4

I would like to parse this kind of code :

{articles mode="extrait" nb="3"}

I am using this regex :

@\{(articles)(?:(?:\s|\ )*(?:(\w+)="(\w+)"))*\}@

But it doesn't work, when I do a preg_match_all, here is the result of a print_r with the $matches parameter:

Array (
    [0] => {articles mode="extraits" nb="3"}
    [1] => articles
    [2] => nb
    [3] => 3
)

I thought that the last * should do the trick of getting all the attributes instead of just the last one.

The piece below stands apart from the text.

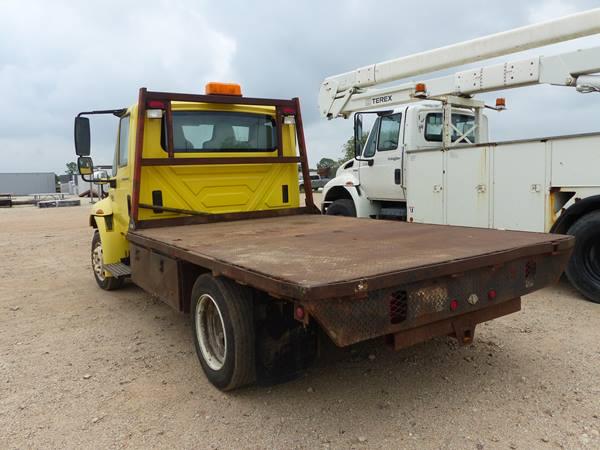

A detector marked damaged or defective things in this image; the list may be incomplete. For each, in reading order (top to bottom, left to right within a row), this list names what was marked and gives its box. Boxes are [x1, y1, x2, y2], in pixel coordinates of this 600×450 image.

Do you see what is missing or incorrect ?

Thank you in advance

DaveRandom
  • 87,921
  • 11
  • 154
  • 174
Pascal Messana
  • 277
  • 4
  • 12
  • 2
    You're repeating a capturing group, which causes the capturing group to capture the last match. – nickb Dec 20 '12 at 15:52
  • And I may add there is no way to get an arbitrary number of captures in PHP. All you can do with regex is to match the whole block first and then run a second regex on the block to extract all attributes (in separate matches) – Martin Ender Dec 20 '12 at 15:59
  • Please see this answer to a similar question: http://stackoverflow.com/a/574968/1447613 – BornKillaz Dec 20 '12 at 16:23

3 Answers3

0
$instances = array();

@ preg_match_all( '/\{articles([^\}]+)\}/', $string, $articles );

if ( false === empty( $articles[1][0] ))
{
   foreach ( $articles[1] as $article )
   {
      @ preg_match_all( '/\b(\w+)="([^"]+)"/', $article, $arguments );

      if ( false === empty( $arguments[0][0] ))
      {
         $settings = array();

         foreach ( $arguments[0] as $index => $argument )
         {
            $settings[$arguments[1][$index]] = $arguments[2][$index];
         }

         $instances[] = $settings;
      }

      unset( $arguments );
   }
}

print_r( $instances );
Ingmar de Lange
  • 289
  • 3
  • 16
0

As @nickb already commented, a repeated capturing group only retains its last match. AFAIK, only .NET provides an implementation that retains all matches. So, I agree with @m.buettner that you must use at least two matches. And @IngmardeLange's solution appears to be an alternate implementation, though I haven't checked it, but still uses at least two matches.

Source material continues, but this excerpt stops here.